Just weeks before, I met the love of my life—Holly, who unbeknownst to me at the time, I would marry in September of the following year. Holly, Pete, his girlfriend and I were celebrating the Fourth of July at the Esplanade in Boston, enjoying Johnny Cash, John Williams and the Boston Pops. Everyone was in a good mood, including an elderly woman in a low-profile folding chair in front of us. Out of nowhere, a grape pelted her in the back of her head. And then another. And another. The fruity projectiles were coming from behind me and were rightfully upsetting her.
I casually got up and walked off to the side, then circled back to get behind whomever the grape chucker might be.
Sure enough, some guy about my age, showing off for his girlfriend, was pegging the poor woman.
I walked over and told him directly, “Knock it off.”
He looked up, surprised someone caught him in the act and that anyone would challenge him. His first response, however, was pathetically weak: “She’s blocking our view,” he whined.
I told him, “Then move.”
His next response was more what I expected, albeit with more colorful vocabulary than I could have guessed: “Shut up or I’ll . . . .” Let’s just say it involved tearing off a couple of items I was pretty attached to.
Anticipating a fight, the crowd around us went absolutely quiet.
I looked at him square in the eyes, and with the best John Wayne slow burn I could muster said, “Stand up if you think you’re man enough to do it.”
Like so many bullies, he was a coward when confronted.
He didn’t move. The conflict was over.
I turned to go back to my seat and was shocked to see a sea of people standing in a semi-circle around me, including my own smiling one-day-bride-to-be.
We walked back to our blanket, the concert got under way, and there were no more grapes thrown at the old woman.
About a decade later, I met an elderly woman named Vera Coking. Years before the casinos moved in, Vera brought a humble little boarding house next to Atlantic City’s famed Boardwalk, which was her pride and joy. Vera loved her home and living so close to the ocean. For those who don’t know, the board game Monopoly is based on Atlantic City—the closer you get to the Boardwalk, the more expensive the properties grow. Located only one block from the Boardwalk, Vera’s property was a goldmine.

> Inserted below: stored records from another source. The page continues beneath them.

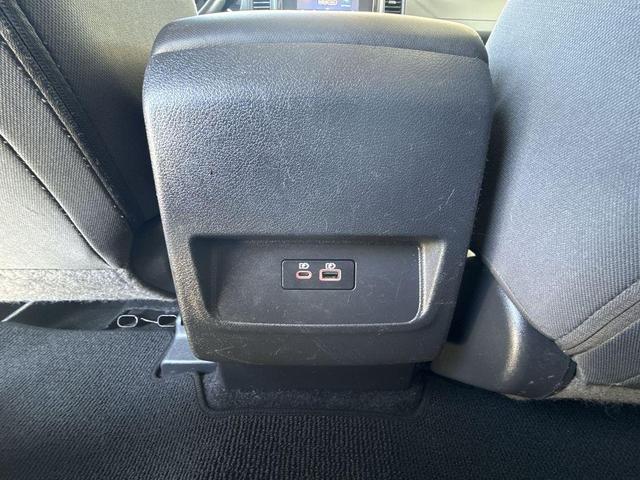 Photo of 2022 Black Nissan Frontier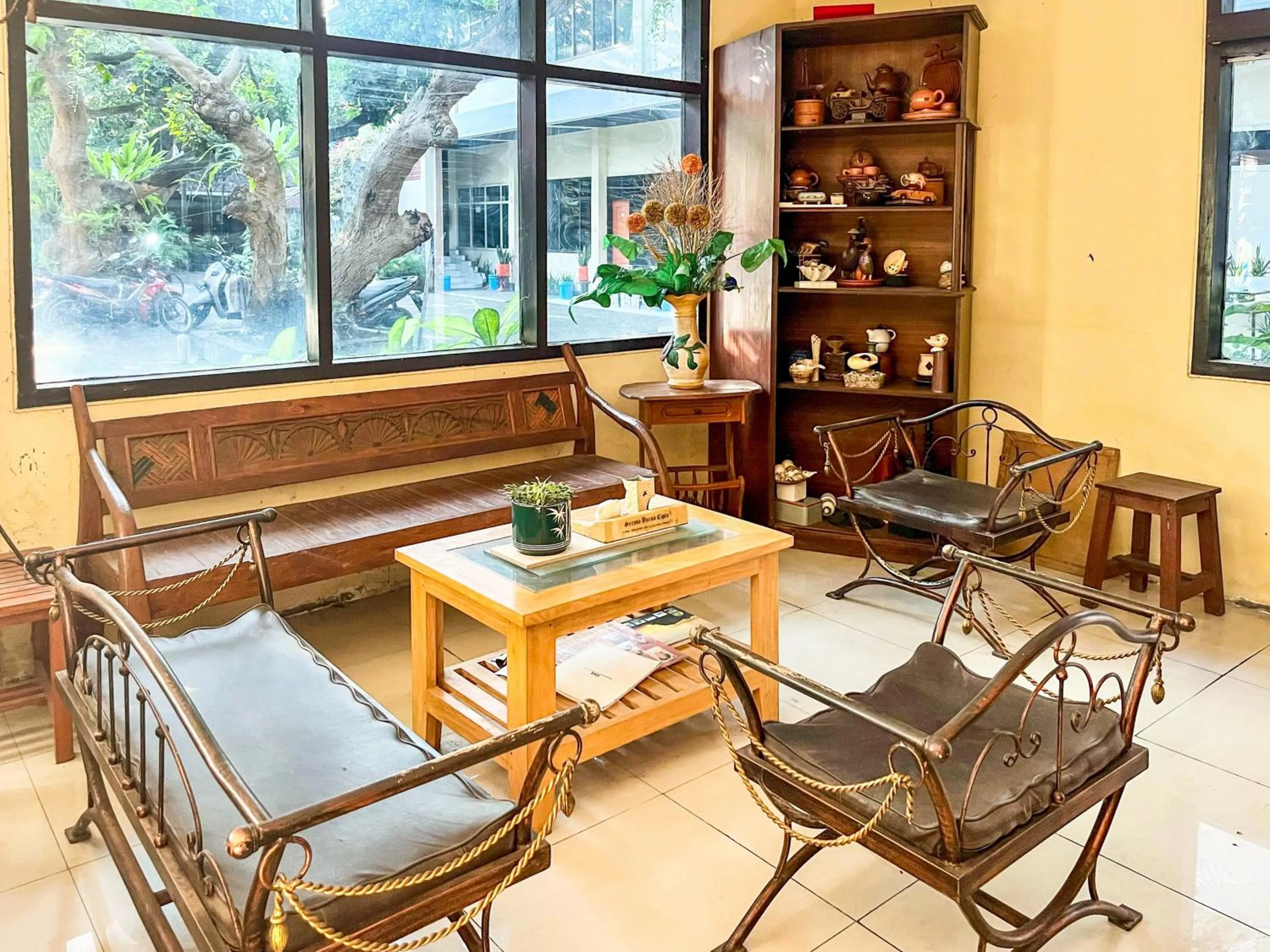 Seating area in RedDoorz at Hotel Tampiarto Probolinggo Jawa Timur
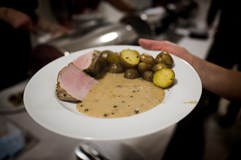 6. společenský ples LOS - neschvalovat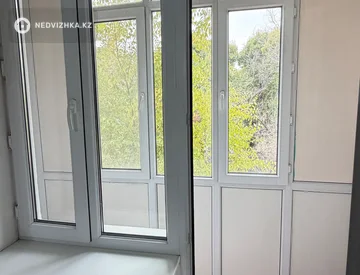 1-комнатная квартира, этаж 2 из 5, 32 м², миниатюра 5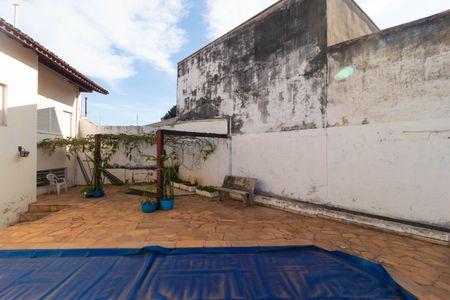 Casa à venda com 237m², 3 quartos e 4 vagasQuintal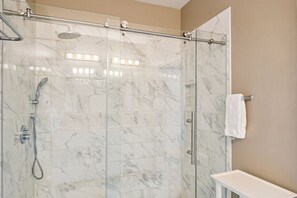 Combined shower/tub, towels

But Vera didn’t want to sell her land to anyone for any price. And, in this country, that was her right.
Even Bob Guccione, the founder of Penthouse magazine, understood so basic a constitutional right. He offered Vera $1 million for her home, so he could construct a casino on that land, but she refused. So Guccione constructed an enormous steel cage of girders around Vera’s home as the skeleton of his construction project.

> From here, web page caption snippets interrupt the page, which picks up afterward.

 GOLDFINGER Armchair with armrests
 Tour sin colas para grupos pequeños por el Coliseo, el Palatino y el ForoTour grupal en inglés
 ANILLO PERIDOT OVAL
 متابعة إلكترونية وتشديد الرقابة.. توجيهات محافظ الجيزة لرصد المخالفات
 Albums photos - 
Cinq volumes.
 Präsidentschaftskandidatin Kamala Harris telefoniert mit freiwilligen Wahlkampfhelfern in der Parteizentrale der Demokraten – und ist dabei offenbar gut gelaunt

Vera, her home, her property and her air rights were respected.
His project ultimately fell through and the steel structure was eventually removed, but Vera and her home remained.
Guccione was followed by someone who didn't respect this widow’s constitutional rights. Donald Trump convinced a government agency to take Vera’s home and hand it over to him with few restrictions on its use. He said he wanted to construct a limo parking lot where her home stood, but nothing would stop him from breaking ground the next day on a casino if he got possession of the land.
I was fortunate enough to represent Vera through my work at the Institute for Justice. I directed the PR campaign that rightfully heaped mountains of media criticism at The Donald, calling into question the abuse of Vera’s constitutional rights on behalf of another private citizen for his own private gain. The one-two punch of effective courtroom advocacy by my colleague, Dana Berliner, and our media campaign ended up winning the day and saving the home Vera Coking would reside in for another decade, just as she wished.
Throughout your life, you will see injustices perpetrated on the innocent, the widow, the weak, the old. We may think we don’t possess what it takes to make a difference, but, in truth, we do. We just need to stand up, take some action and make our voices heard.
That is a theme that plays out time and again in my novel, Blythe.
One of mankind’s greatest sins is inaction in the face of injustice.
For justice to have its day, men and women of character must be its champion.